Diffusion of Quality Management: An empirical test of an analytical framework
Paper in proceedings, 2007
Alänge et al. (1998) presented a tentative analytical framework for studying the diffusion of organizational innovations. Recent literature on technical innovation and their diffusion was used as a basis for the development of this framework
The aim of this paper is to examine the usefulness and validity of the tentative analytical framework presented in Alänge et al. (1998) in studying the diffusion of organizational innovations. For this purpose, two exploratory case studies were carried out on the diffusion of the organizational innovation Total Quality Management (TQM) both to and within one manufacturing company in the private sector and one hospital in the public sector. Learnings from a comparative analysis of the two cases were then used to improve the framework
It was found that the tentative analytical framework was applicable and useful for analysing the diffusion process of organisational innovations, although some areas for improvement were identified, primarily concerning the intra-organizational diffusion and implementation process. Organizational change can be seen as a gradual and cumulative learning process. User competence, both the abilities to search for innovations and to manage change, is critical for the diffusion process. An organization’s earlier experience/knowledge affect search processes, and organizational change can, therefore, be seen as path-dependent. In the tentative framework it was assumed that there would be a problem of observability and triability but both organisations studied solved this problem by introducing quality methods and tools through pilot projects.

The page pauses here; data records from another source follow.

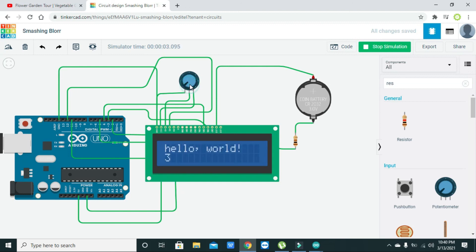And we can control the contrast with this potentiometer. In this way you can interface your LCD with Arduino Uno.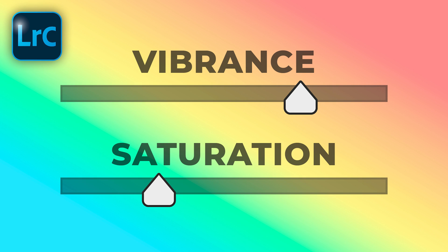Have you ever wondered what the difference is between vibrance and saturation in Lightroom and Photoshop? Today I'm going to show you this as well as how you can use this understanding in a creative way.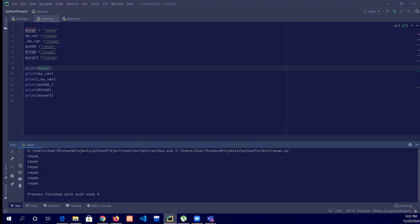We can give a variable any name, but the thing is we can't make a space between them. A student asked: do capital and smaller letters matter? No, that doesn't matter in that case.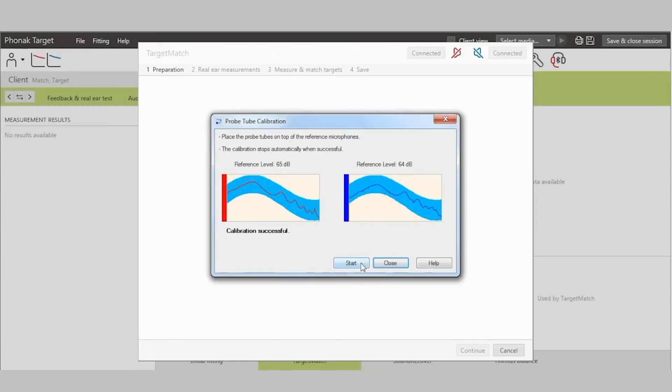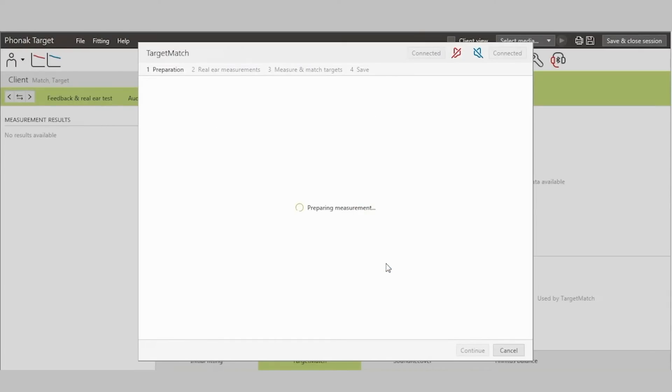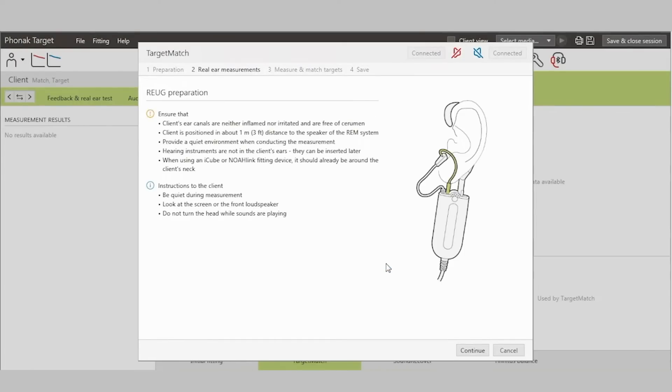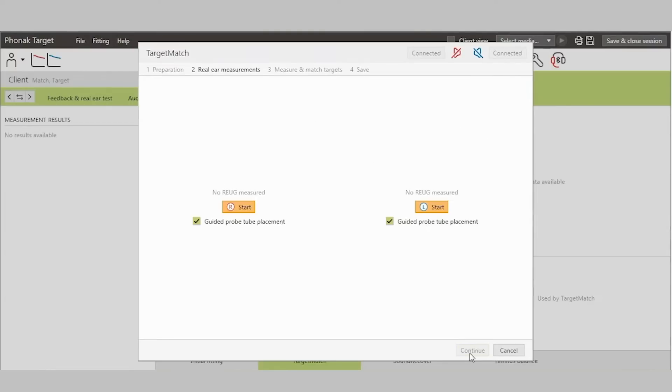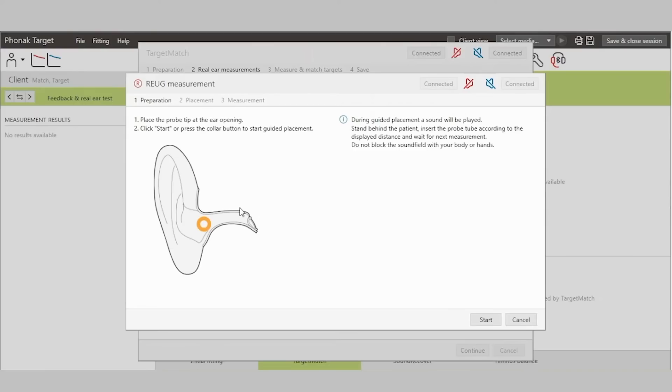Now that my probe tubes are calibrated, I can move on to performing the real ear unaided gain or REUG response. Target provides some reminders of how to place the probe tube in the ear in order to perform this measurement. One advantage of Target Match is our guided probe tube placement. This function provides real-time feedback about probe tube placement.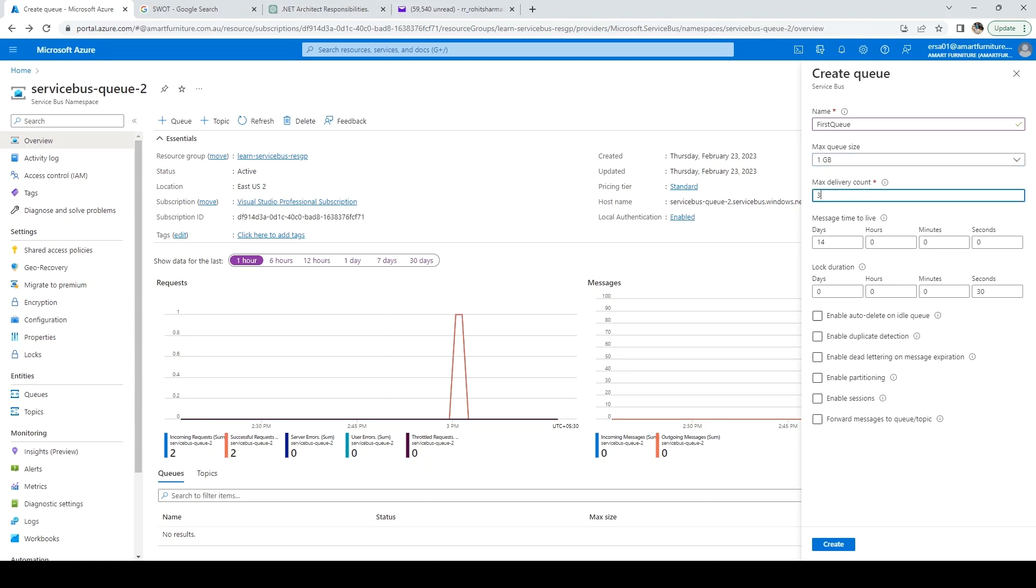So what does this mean? It will try to send the message three times. After that, it will send the message to the dead letter queue. You can change it from one to 2000.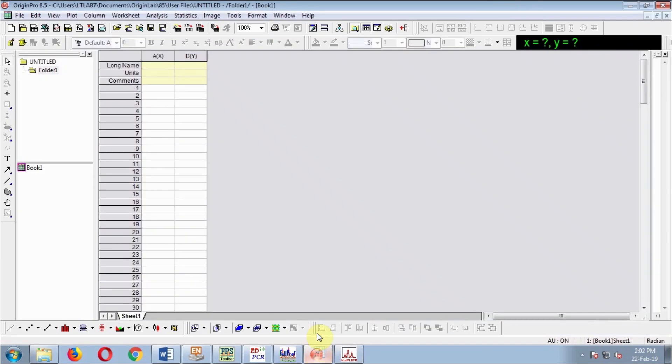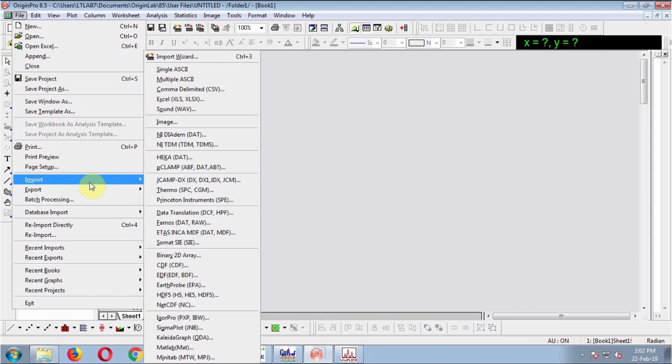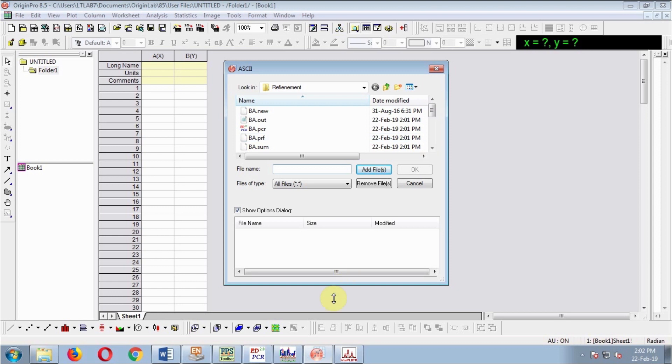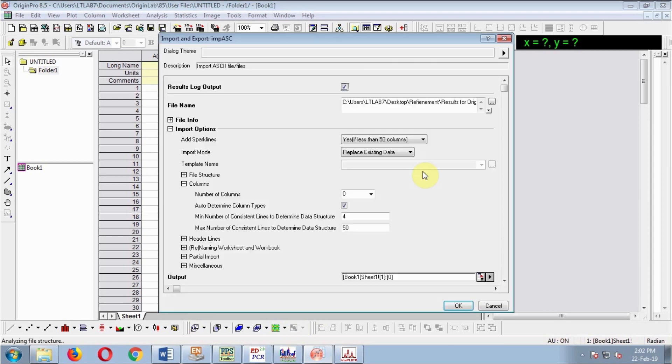Open Origin. Go to File, Import, choose Multiple ASCII. Select the file 'results for origin,' then add file. OK.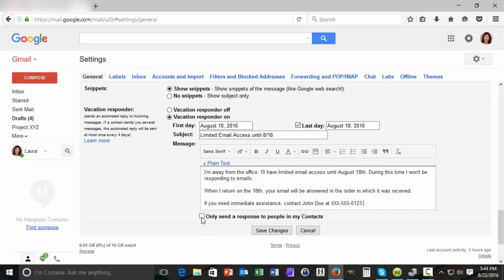You'll see this checkbox next to the message only send a response to people in my contacts. What this means is that the vacation responder will only go to people who send you an email who are in your contact list. You want to select this option because you don't want your vacation responder going to email subscriptions that you've subscribed to or junk mail that you receive.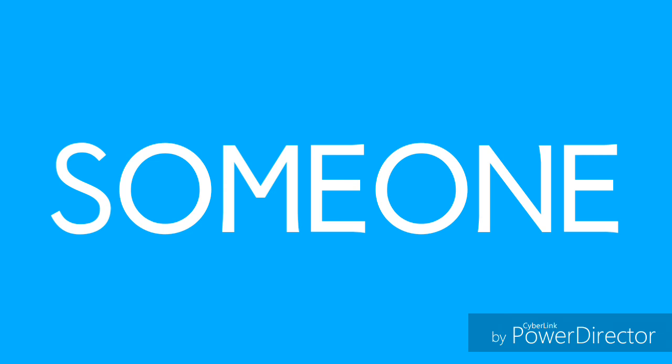Someone I can be with someone. Someone I can be with someone. Thank you.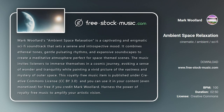This royalty-free music item is published under Creative Commons license CC BY 3.0, and you can use it in your content — even monetized — for free if you credit Mark Woolard. Harness the power of royalty-free music to amplify your artistic vision.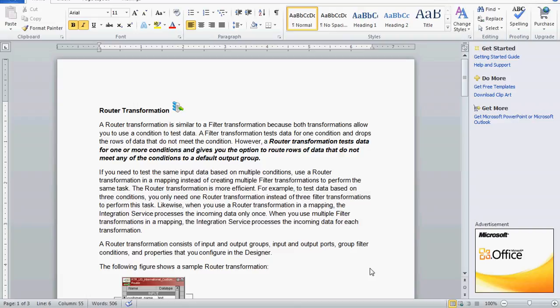But by using the router transformation we can test data for one or more conditions, and it also gives us an option to route the data that does not meet any of the conditions. Router transformation in a mapping helps us to avoid using multiple filter transformations.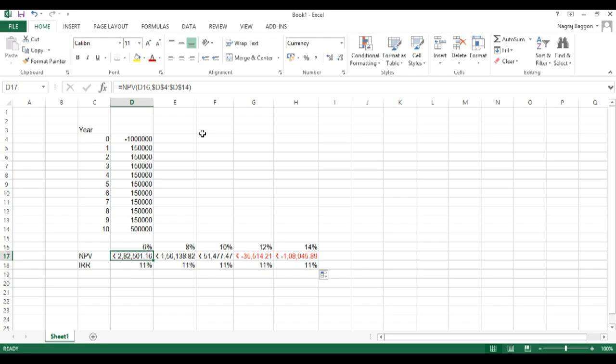So I would encourage you to play with some permutations and combinations of different cash flows in different series and you can see how the IRR and NPVs will change.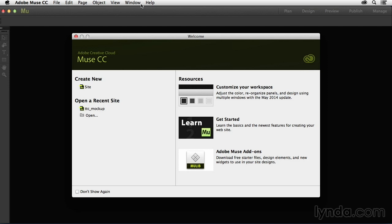what's new in the June 2014 update, or August 2014 update, etc. Just go ahead and add this course to your playlist, and then once you see that an update is available for Muse in the Creative Cloud desktop app,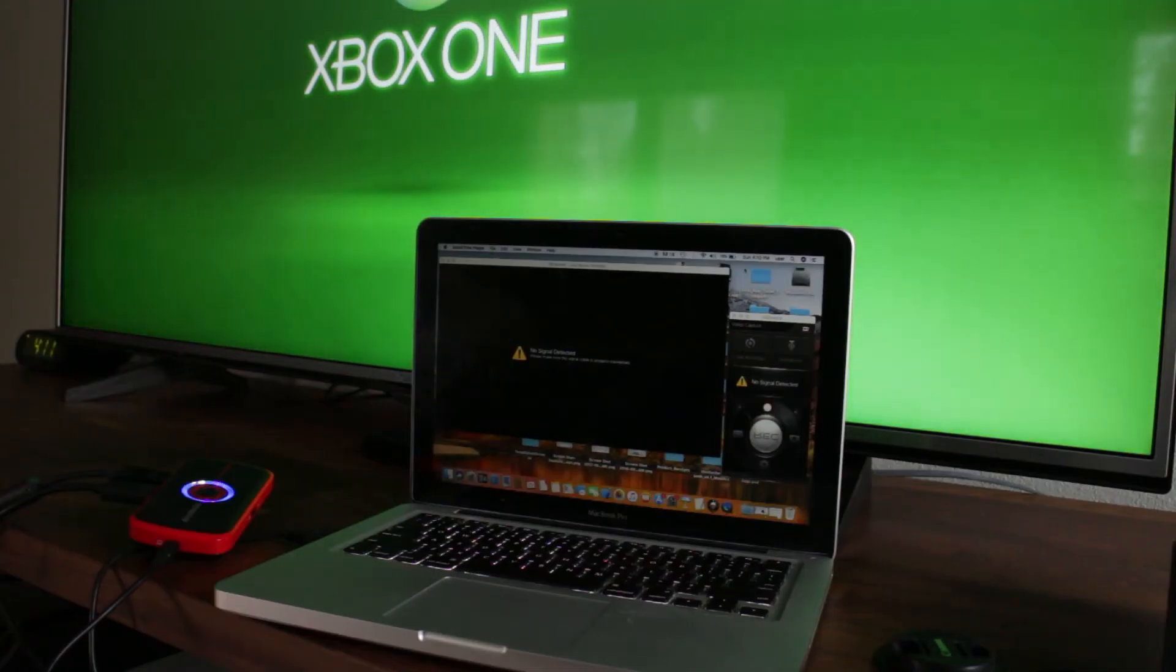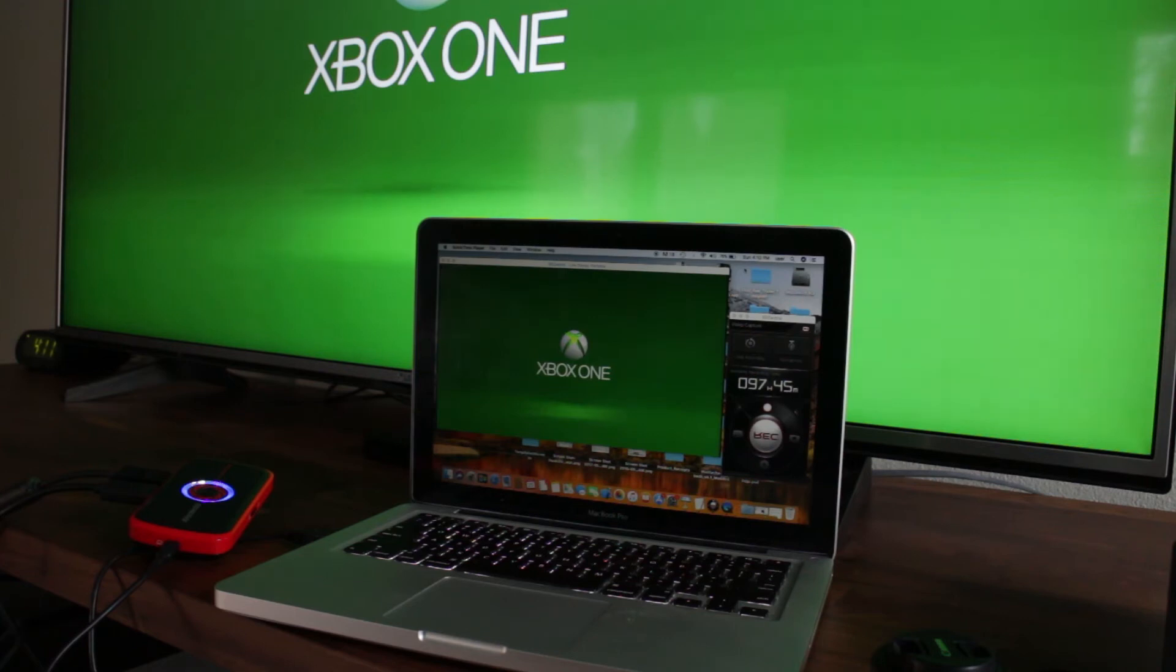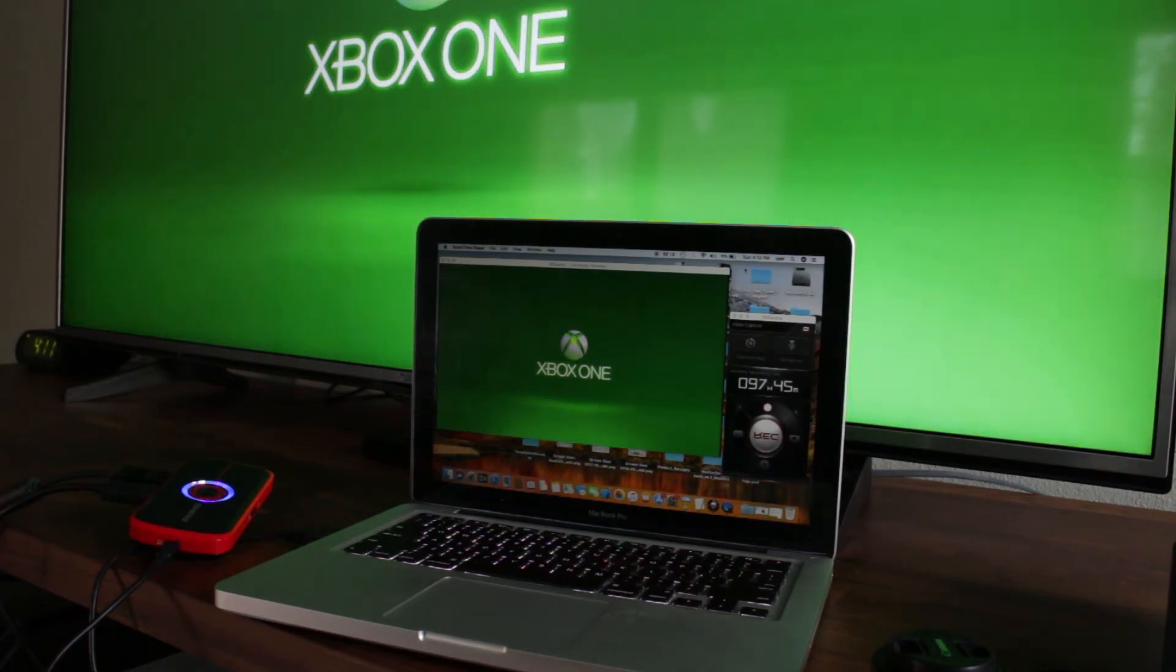When the Xbox starts up again, HDCP will be turned off and you can record with the AverMedia LGP again.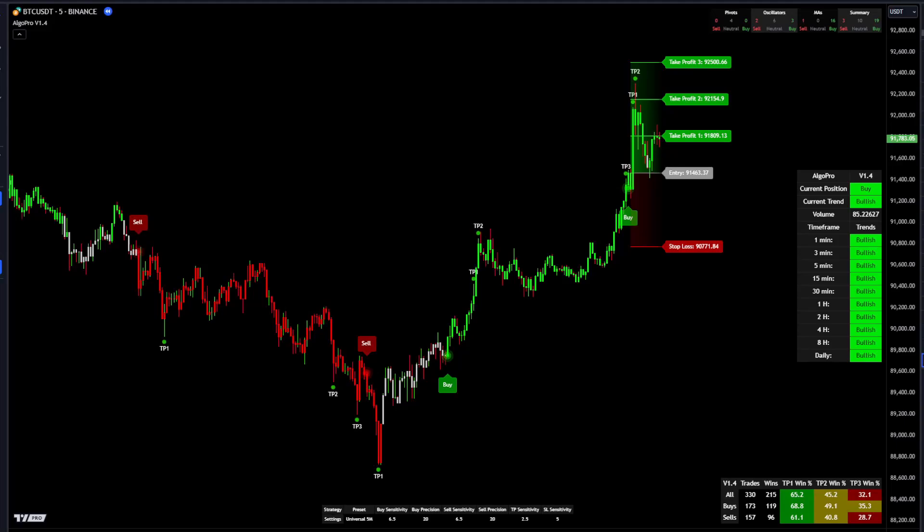Hey guys, today we'll be going over the AlgoPro V1.4. The V1.4 is our all-around trading tool that can be customized for different types of trading to fit your personal style — from scalping to day trading to swing trading. You can really customize it to do about whatever you want.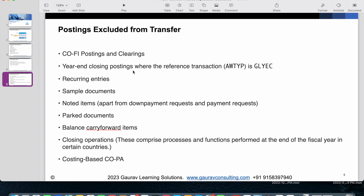Year-end closing postings are also not transferred to CFIN — you need to identify the postings related to this scenario and be aware they will not replicate. Recurring entries created for month-end processing are not replicated to CFIN either; if you want recurring entries in CFIN you must create them separately. Similarly, sample documents are not replicated and must be created directly in CFIN.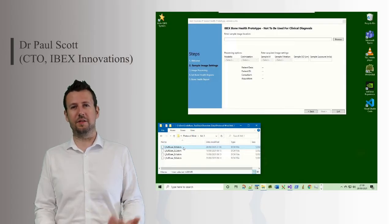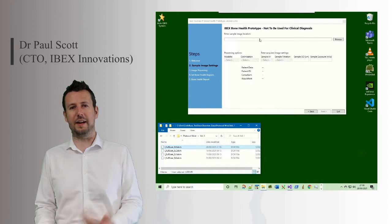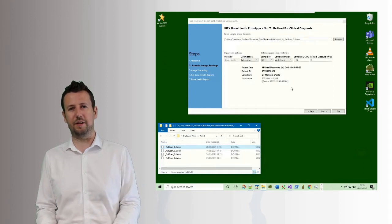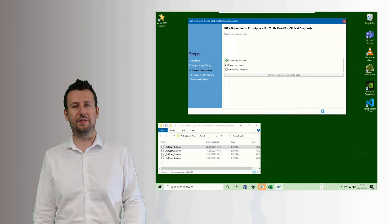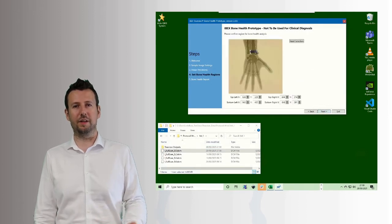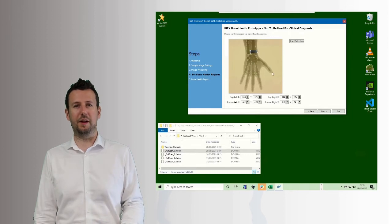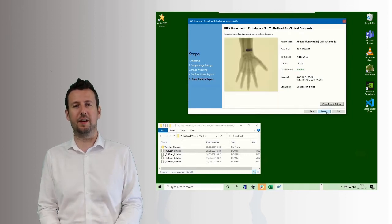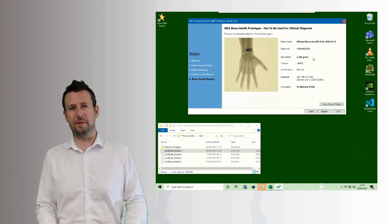As you can see, you just load a standard DICOM image onto the software. It will automatically detect the region of interest — in this case, we're looking at the ultradistal radius region. The software will then perform an analysis of the bone health within that region and provide a report for the clinician, which can be sent out.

The two cases showed that consultancy firms, training institutions and national, regional or industry networks were important as they provided information and advice. They also provided meeting places for experience sharing and contributed by standardizing the content and methods of diffusion of the organizational innovation
External and internal pressures influence change, especially if they can be seen as crises. Change competence does, however, also include management’s ability to make the organizational members perceive a crisis. The ability to change is also affected by the interdependency effects from other organizational innovations. In addition, political power may be a major inhibiting factor.